Exercise prompt » The answer must be an exact reproduction of the lines from the start of the records below through the line containing "Ford Galaxy, 2,0", and nothing more.

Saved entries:
§ §

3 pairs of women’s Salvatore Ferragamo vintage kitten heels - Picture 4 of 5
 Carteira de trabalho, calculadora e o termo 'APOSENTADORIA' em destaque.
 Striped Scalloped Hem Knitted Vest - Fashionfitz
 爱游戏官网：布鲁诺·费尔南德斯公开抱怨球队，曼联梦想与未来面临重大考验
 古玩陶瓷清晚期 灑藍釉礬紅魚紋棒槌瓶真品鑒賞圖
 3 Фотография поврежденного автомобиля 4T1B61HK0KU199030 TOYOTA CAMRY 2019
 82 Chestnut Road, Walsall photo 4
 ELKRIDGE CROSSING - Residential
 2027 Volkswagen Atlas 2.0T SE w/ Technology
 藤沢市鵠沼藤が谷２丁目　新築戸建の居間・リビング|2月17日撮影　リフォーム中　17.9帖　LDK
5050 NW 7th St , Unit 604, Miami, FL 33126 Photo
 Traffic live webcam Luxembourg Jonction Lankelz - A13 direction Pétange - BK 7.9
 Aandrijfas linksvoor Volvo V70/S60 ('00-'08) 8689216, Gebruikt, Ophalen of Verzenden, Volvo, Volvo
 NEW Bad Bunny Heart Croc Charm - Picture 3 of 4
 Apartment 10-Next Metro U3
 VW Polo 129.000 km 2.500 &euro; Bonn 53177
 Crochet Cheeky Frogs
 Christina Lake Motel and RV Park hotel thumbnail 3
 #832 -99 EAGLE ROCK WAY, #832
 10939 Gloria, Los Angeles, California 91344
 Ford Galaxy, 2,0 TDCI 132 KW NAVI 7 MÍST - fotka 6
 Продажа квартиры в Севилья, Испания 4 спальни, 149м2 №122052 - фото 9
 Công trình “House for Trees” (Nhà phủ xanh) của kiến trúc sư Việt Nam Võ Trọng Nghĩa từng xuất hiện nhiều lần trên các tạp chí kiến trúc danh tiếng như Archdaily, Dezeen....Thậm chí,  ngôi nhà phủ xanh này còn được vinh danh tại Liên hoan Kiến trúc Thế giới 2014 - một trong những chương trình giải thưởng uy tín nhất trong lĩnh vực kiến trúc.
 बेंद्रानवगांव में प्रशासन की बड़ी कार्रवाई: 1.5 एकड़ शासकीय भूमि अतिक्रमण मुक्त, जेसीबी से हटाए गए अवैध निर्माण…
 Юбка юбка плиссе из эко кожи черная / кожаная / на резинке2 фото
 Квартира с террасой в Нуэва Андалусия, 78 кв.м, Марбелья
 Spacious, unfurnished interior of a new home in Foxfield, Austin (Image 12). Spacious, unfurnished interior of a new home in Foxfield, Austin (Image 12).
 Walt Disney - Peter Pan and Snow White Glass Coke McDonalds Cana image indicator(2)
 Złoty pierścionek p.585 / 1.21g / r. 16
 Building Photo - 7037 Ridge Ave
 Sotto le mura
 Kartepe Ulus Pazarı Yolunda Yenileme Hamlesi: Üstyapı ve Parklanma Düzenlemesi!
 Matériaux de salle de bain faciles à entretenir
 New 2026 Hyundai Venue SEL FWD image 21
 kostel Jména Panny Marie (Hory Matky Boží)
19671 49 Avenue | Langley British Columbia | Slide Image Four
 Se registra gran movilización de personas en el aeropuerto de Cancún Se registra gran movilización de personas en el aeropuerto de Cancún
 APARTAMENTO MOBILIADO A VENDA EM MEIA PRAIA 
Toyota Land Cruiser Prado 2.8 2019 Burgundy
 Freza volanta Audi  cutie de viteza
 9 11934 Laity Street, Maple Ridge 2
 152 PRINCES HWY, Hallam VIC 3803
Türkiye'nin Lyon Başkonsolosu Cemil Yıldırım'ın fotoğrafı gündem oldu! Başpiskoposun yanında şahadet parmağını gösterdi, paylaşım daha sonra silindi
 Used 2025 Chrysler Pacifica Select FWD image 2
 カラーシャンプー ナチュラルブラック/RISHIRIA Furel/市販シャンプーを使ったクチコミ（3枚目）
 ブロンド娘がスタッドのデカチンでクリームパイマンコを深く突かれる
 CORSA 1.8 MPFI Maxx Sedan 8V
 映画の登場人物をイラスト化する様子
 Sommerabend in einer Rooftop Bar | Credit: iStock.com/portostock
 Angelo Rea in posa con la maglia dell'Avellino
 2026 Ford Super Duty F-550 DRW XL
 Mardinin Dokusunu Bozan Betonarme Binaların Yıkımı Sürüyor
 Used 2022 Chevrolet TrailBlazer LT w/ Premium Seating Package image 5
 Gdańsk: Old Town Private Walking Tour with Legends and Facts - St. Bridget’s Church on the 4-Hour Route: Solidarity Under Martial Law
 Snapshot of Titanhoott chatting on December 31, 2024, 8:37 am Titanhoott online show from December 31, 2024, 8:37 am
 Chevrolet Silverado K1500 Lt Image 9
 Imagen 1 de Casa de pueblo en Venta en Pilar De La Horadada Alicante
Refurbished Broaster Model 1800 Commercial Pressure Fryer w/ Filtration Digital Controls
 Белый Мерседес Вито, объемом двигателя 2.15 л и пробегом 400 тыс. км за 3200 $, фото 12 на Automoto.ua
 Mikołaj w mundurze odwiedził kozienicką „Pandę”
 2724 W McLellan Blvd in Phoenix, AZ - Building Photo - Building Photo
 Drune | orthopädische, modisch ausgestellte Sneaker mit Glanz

§ §

Reply to the exercise »
3 pairs of women’s Salvatore Ferragamo vintage kitten heels - Picture 4 of 5
 Carteira de trabalho, calculadora e o termo 'APOSENTADORIA' em destaque.
 Striped Scalloped Hem Knitted Vest - Fashionfitz
 爱游戏官网：布鲁诺·费尔南德斯公开抱怨球队，曼联梦想与未来面临重大考验
 古玩陶瓷清晚期 灑藍釉礬紅魚紋棒槌瓶真品鑒賞圖
 3 Фотография поврежденного автомобиля 4T1B61HK0KU199030 TOYOTA CAMRY 2019
 82 Chestnut Road, Walsall photo 4
 ELKRIDGE CROSSING - Residential
 2027 Volkswagen Atlas 2.0T SE w/ Technology
 藤沢市鵠沼藤が谷２丁目　新築戸建の居間・リビング|2月17日撮影　リフォーム中　17.9帖　LDK
5050 NW 7th St , Unit 604, Miami, FL 33126 Photo
 Traffic live webcam Luxembourg Jonction Lankelz - A13 direction Pétange - BK 7.9
 Aandrijfas linksvoor Volvo V70/S60 ('00-'08) 8689216, Gebruikt, Ophalen of Verzenden, Volvo, Volvo
 NEW Bad Bunny Heart Croc Charm - Picture 3 of 4
 Apartment 10-Next Metro U3
 VW Polo 129.000 km 2.500 &euro; Bonn 53177
 Crochet Cheeky Frogs
 Christina Lake Motel and RV Park hotel thumbnail 3
 #832 -99 EAGLE ROCK WAY, #832
 10939 Gloria, Los Angeles, California 91344
 Ford Galaxy, 2,0 TDCI 132 KW NAVI 7 MÍST - fotka 6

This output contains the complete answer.